I know the answer must hold empathy. It must hold emotion. It must hold taking others’ perspectives. As a middle-class, cis-gendered, heterosexual white man, I must build my empathy, emotion, and perspective-taking towards those people whose ancestors were enslaved and who continue to suffer oppression in today’s American culture. I must own the difference between how the would-be white insurrectionists were treated last week in Washington, D.C. and how Black Lives Matter protesters were treated all across this country this summer. 

I know the answer must hold my admission of the limits of my empathy, emotion, and perspective-taking, acknowledging freely that my ancestors never suffered and endured what enslaved Black people did, and that my ancestors have been granted privilege in this nation ever since they identified themselves as white. And that so I will never truly understand what that oppression feels like.

I know the answer must hold me speaking out against white supremacy in the nation’s capital and in the streets of my village. It must hold me identifying racism in others and in myself. 

Perhaps each of these small actions constitutes a payment on these imbalanced accounts. Not a full payment. Not even a down payment. Maybe a micro-payment, in which a lifetime of work by accomplices in racial justice will make some difference. But these accounts can never be balanced in the traditional sense.
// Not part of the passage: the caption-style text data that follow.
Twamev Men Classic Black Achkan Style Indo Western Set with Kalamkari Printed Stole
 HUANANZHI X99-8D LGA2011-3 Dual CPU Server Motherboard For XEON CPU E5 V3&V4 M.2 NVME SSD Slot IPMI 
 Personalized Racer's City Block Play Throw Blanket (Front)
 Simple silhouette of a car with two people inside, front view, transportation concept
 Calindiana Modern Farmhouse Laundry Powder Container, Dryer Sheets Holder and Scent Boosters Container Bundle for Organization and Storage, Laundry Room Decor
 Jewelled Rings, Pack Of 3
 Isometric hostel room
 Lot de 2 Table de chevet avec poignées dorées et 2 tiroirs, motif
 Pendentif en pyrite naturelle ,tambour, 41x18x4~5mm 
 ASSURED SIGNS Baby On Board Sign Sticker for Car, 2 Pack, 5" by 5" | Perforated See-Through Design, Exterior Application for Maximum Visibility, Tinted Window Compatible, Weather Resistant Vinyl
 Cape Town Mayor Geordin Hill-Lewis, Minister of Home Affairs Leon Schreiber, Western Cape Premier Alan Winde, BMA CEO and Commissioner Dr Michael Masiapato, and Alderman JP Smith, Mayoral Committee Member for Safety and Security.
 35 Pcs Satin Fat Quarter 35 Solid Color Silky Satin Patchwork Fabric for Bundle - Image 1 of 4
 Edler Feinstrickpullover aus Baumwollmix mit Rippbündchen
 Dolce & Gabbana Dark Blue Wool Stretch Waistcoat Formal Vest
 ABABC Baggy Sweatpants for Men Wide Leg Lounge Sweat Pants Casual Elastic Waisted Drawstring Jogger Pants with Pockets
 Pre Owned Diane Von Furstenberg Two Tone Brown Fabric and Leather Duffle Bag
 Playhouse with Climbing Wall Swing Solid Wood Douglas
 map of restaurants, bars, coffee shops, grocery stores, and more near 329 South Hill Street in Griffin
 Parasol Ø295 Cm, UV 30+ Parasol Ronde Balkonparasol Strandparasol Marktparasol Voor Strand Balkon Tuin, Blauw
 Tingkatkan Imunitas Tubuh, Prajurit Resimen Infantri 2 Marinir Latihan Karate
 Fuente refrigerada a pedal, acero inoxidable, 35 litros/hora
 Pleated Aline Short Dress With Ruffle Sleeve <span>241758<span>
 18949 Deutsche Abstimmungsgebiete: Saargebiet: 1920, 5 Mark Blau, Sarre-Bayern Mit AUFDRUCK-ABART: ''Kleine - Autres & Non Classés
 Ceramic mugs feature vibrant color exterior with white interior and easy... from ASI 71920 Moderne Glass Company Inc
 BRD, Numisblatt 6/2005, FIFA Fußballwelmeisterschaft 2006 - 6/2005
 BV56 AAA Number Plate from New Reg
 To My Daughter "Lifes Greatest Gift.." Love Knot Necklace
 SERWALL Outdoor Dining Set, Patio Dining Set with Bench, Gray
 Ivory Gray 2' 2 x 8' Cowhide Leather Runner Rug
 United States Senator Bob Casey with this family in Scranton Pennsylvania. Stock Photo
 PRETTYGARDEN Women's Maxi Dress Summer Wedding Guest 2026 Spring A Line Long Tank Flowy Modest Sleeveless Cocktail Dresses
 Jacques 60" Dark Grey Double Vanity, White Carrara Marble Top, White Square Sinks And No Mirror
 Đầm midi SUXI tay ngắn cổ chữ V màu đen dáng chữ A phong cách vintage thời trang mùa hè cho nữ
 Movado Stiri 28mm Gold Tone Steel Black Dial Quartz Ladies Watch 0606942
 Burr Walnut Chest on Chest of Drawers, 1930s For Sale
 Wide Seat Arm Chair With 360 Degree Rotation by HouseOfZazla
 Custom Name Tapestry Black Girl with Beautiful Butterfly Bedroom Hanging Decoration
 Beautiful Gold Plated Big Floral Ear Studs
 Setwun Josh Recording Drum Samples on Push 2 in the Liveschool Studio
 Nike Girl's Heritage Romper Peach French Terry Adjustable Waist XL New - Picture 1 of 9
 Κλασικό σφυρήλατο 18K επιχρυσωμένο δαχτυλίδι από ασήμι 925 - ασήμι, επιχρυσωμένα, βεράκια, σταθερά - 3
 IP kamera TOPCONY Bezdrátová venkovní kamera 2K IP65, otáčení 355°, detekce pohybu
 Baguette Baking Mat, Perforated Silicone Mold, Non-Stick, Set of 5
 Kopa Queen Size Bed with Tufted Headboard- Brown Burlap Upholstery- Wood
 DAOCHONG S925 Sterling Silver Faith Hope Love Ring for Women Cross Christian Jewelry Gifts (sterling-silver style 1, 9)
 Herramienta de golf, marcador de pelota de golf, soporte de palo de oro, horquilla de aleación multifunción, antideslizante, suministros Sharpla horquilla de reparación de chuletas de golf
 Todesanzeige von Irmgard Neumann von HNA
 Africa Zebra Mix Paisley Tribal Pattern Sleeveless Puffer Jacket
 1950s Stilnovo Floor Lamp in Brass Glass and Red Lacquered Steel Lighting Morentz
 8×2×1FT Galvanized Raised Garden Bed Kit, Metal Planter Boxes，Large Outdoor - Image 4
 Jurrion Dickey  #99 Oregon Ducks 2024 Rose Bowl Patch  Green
Black people and other people of color continue to pay forward their part by believing in the in democratic systems of this country and showing us again and again what it looks like to support those who need the support the most. Perhaps if they are gracious creditors and we white people continue to show our good faith by taking actions to bridge the racial divides in this nation, then one day we can get to a place where the accounts are no longer needed. 

If we work toward accountability and justice, and demonstrate that we white people are willing to sacrifice to achieve those goals, then maybe one day the accounts will be wiped clean. Until that day, we must make it our life’s work to repay this debt.